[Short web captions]
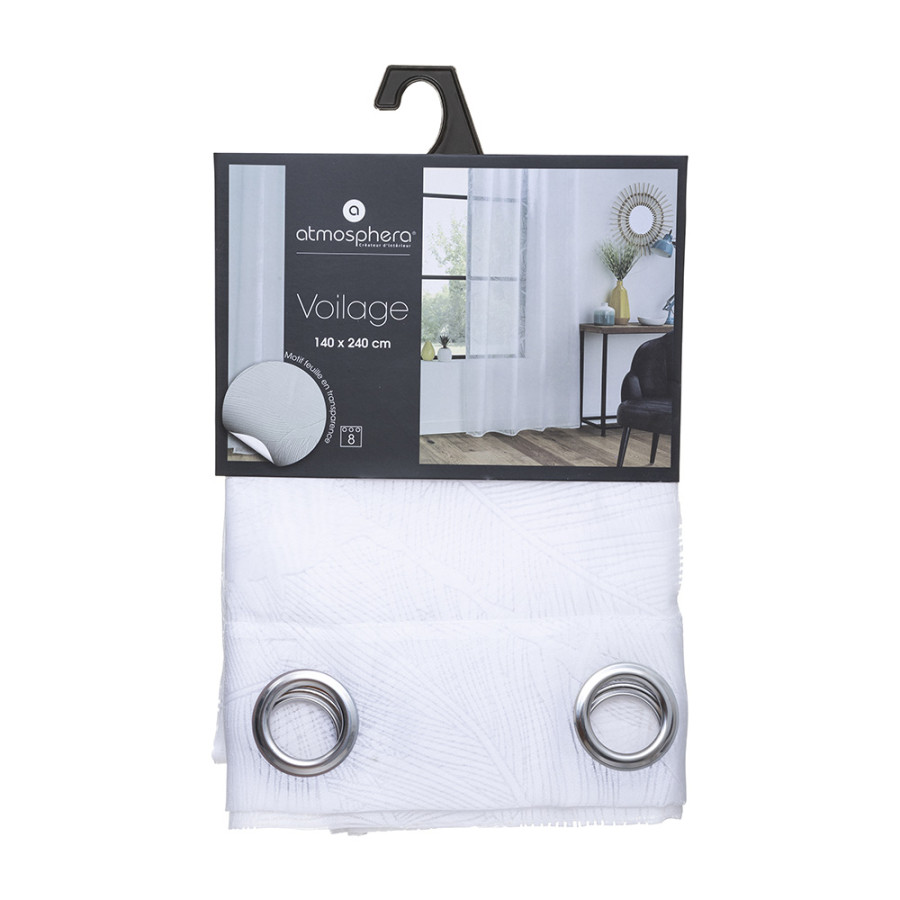Cortina 140x240cm modelo tropical branco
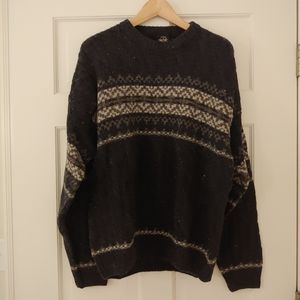 Men's 100% Wool Jacquard Sweater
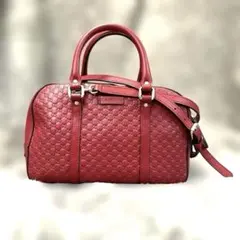 ✨綺麗✨ GUCCI グッチ マイクログッチシマ 2WAYバッグ レッドのサムネイル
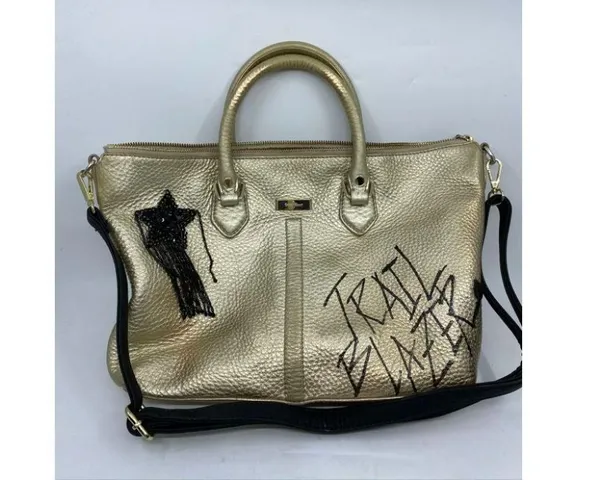 COLE HAAN Tote Bag Gold Customized w Graffiti - Image 4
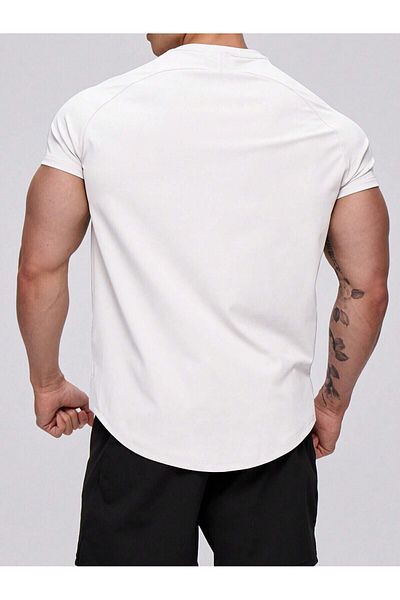 GENIUS STORE Ανδρικό αθλητικό μπλουζάκι Running Sports Gym Raglan Oval Cut Χτενισμένο βαμβακερό μπλουζάκι OVALT-SHİRT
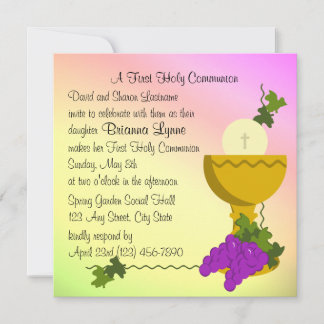 Invitación Calis y uvas 1ª comunión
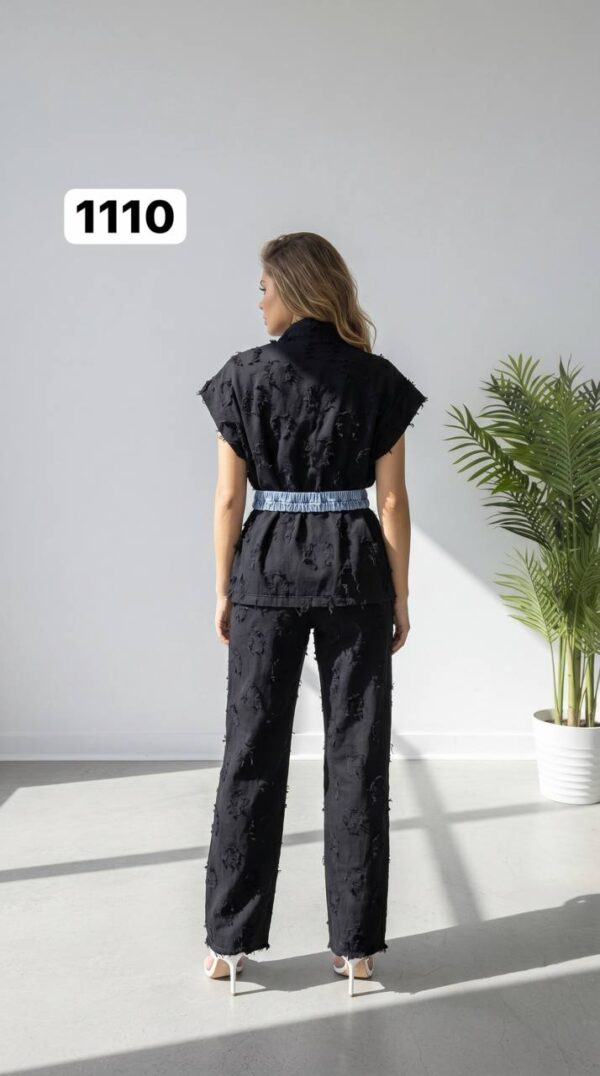 Wholesale Embellished Two-Tone Denim Pant Set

Exercise:
What is needed is an exact copy of every record above, minus the images.

Task result:
Cortina 140x240cm modelo tropical branco
 Men's 100% Wool Jacquard Sweater
 ✨綺麗✨ GUCCI グッチ マイクログッチシマ 2WAYバッグ レッドのサムネイル
 COLE HAAN Tote Bag Gold Customized w Graffiti - Image 4
 GENIUS STORE Ανδρικό αθλητικό μπλουζάκι Running Sports Gym Raglan Oval Cut Χτενισμένο βαμβακερό μπλουζάκι OVALT-SHİRT
 Invitación Calis y uvas 1ª comunión
 Wholesale Embellished Two-Tone Denim Pant Set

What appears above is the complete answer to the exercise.